Mariama Abdoulaye feeds
her family with millet she
grows on once barren land.
After severe droughts in the
1970s and ’80s, the UN Food
and Agricultural Organization
enlisted Abdoulaye and
10,000 other women to plant
millions of trees. Tree roots
block wind-driven erosion
and help rain penetrate the
earth.
Rice Terrace—Yunnan Province,
China.
Perched on an earthen retaining
wall, Zhu Minying holds cords used
to bundle harvested rice. Soil here
reflects human activities that began
with reshaping hillsides into grand
staircases of grain. Rice stubble left
to decay in the field, manure, and
fish raised in the paddy water, all
add nutrients to Zhu's soil.
Dry Land—Khanasser Valley, Syria.
Farmers like Ismail Hassoun Hariri struggle
to grow even hardy barley in this parched
land. Soil and rock eroded from
surrounding hills lie thick in the valley, but
annual rainfall averages only nine inches.

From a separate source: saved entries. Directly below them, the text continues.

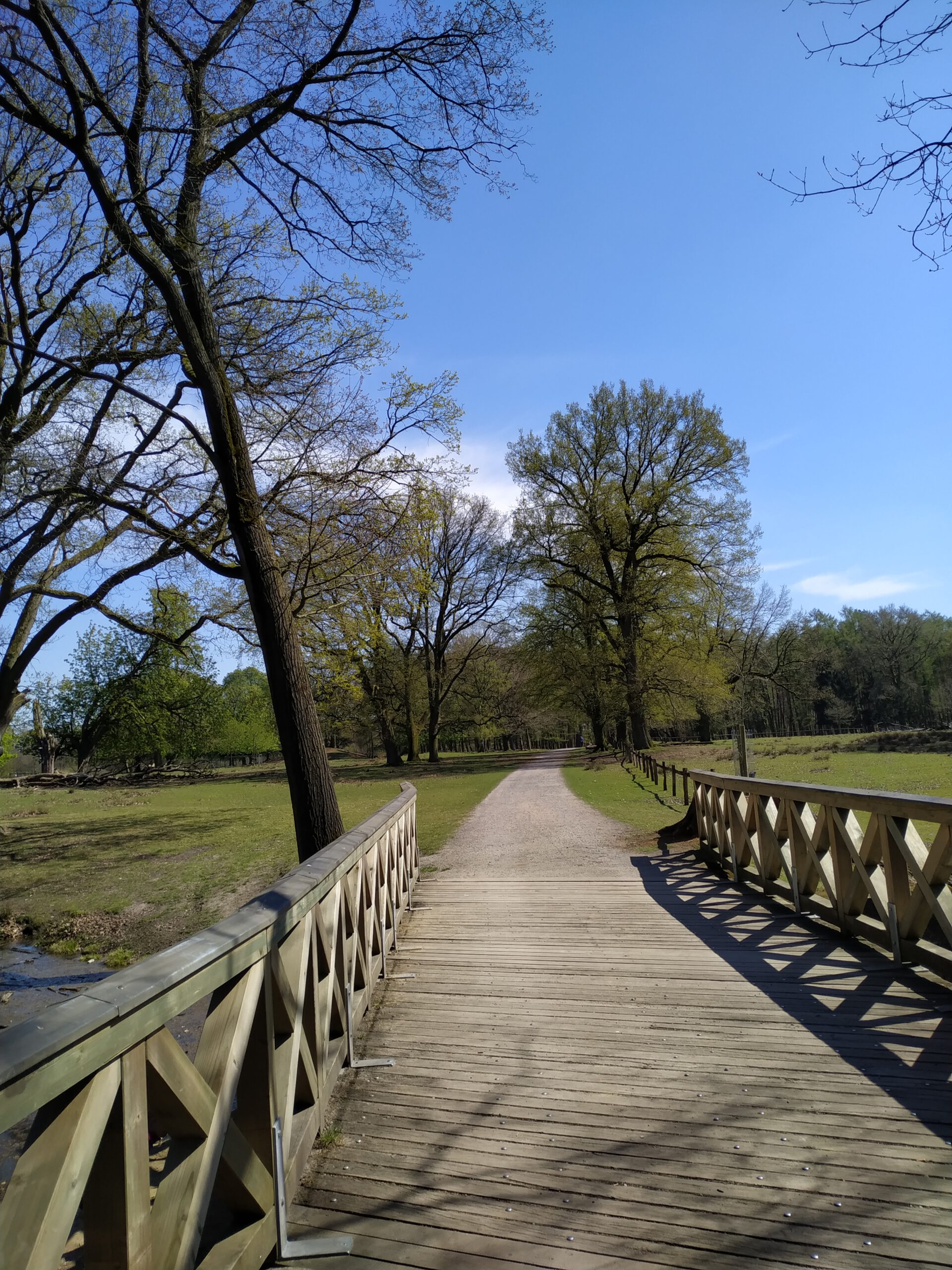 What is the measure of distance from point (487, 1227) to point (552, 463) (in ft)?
105

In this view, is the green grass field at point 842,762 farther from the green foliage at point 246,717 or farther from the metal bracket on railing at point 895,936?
the green foliage at point 246,717

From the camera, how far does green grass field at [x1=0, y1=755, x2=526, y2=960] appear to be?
36.1ft

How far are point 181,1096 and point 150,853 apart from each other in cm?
1510

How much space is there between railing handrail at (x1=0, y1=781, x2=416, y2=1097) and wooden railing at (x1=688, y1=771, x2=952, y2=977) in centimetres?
353

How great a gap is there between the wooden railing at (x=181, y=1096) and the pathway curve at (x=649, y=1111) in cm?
39

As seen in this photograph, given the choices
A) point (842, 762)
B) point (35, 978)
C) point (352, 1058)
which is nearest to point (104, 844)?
point (35, 978)

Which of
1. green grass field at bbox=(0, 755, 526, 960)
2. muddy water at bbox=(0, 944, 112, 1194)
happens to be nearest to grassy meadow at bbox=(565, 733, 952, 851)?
→ green grass field at bbox=(0, 755, 526, 960)

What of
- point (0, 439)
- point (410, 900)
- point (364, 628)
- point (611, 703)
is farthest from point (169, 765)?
point (611, 703)

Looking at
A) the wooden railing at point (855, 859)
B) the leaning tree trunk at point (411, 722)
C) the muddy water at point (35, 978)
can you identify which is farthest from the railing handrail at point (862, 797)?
the leaning tree trunk at point (411, 722)

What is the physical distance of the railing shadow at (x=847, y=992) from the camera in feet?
11.5

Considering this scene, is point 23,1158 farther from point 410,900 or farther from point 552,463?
point 552,463

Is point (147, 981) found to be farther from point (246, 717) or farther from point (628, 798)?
point (246, 717)

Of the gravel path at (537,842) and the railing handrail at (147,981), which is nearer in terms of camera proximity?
the railing handrail at (147,981)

In some very dry years the barley crop
fails to mature and can only be used to
feed sheep and goats.
After losing a foot of soil from parts
of their Iowa corn farm, the Reed
family changed the way they prepare
fields for planting, to limit erosion.
Cletus Reed, 80, hopes his grandson,
Sam, will work these acres someday.
"The land takes care of us as we care
for it," he says.
Tiny earthworks stipple bare slopes in China's Zizhou County, each intended to cradle a
single sapling. Government mandated reforestation programs are intended to halt erosion,
but many earlier efforts here in the Loess Plateau failed when newly planted trees died.